The Pharisee hates this, obviously. He finds it inappropriate, and he expected Jesus to refuse to be touched by a woman he considered sinful (v. 39). Jesus suspects the Pharisee’s concerns and addresses him with a parable. In it, a leader forgives the debts of two men who owe him money: one man owed him a lot of money, and the other owed him a lesser amount. Jesus asks the Pharisee, “Which of them will love him more?” The Pharisee supposes that the person who owed more would be filled with more love and gratitude (v. 40-46). So Jesus then points out the ways the woman showed him devotion, and states, “This is why I tell you that her many sins have been forgiven; so she has shown great love. The one who is forgiven little loves little” (v. 47).

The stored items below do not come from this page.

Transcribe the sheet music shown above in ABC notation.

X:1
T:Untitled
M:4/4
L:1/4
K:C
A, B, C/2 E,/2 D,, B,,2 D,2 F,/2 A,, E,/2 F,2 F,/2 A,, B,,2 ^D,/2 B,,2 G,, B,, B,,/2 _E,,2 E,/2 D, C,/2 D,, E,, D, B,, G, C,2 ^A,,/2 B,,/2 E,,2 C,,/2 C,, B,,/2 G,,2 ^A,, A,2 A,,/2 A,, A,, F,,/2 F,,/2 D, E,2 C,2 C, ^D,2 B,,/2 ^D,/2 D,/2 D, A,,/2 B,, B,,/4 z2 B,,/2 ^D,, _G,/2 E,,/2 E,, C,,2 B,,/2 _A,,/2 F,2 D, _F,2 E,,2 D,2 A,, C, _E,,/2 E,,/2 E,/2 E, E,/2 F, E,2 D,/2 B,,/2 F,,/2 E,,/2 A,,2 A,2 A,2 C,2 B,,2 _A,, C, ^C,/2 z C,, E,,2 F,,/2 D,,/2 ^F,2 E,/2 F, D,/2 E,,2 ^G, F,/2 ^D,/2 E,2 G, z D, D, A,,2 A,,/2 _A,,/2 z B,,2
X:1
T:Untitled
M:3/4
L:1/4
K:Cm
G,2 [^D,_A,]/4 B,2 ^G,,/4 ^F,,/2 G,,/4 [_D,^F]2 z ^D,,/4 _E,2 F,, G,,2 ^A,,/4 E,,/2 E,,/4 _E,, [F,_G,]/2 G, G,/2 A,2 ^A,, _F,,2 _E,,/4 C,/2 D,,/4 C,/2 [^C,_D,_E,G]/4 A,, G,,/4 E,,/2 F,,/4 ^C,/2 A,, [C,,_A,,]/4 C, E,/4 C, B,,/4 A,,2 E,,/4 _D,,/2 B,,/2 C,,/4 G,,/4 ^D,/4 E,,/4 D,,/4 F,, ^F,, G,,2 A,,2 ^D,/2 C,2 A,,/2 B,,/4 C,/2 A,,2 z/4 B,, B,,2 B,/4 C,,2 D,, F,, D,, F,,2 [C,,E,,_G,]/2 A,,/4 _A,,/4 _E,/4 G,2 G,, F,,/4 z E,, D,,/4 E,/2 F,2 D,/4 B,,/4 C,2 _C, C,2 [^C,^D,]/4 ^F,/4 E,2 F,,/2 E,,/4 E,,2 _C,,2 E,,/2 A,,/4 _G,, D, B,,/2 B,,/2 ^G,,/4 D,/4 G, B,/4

The Pharisee remains so wrapped up in himself, in his appearance, and in his dignity. The sinful woman from the city, in contrast, weeps, cleans Jesus’ feet with her hair, kisses him, and sacrifices greatly out of a deep place of love. When I read the phrase, “The one who is forgiven little loves little” (v. 47b) a quote from Henri Nouwen came mind. Nouwen writes, “We need to forgive and be forgiven every day, every hour increasingly. That is the great work of love among the fellowship of the weak that is the human family” (Check out this and other great quotes by Nouwen here). Forgiveness comes from God; we also receive it, unquestionably, from each other and from ourselves, too. As we forgive one another, and accept the forgiveness of God, others, and ourselves, we practice what the woman in the biblical text and what Nouwen is discussing here. Forgiveness, as Jesus stated, leads to love.

So may we forgive one another, and ourselves, and accept forgiveness from God, one another, and ourselves, and ultimately allow the love within us to abound.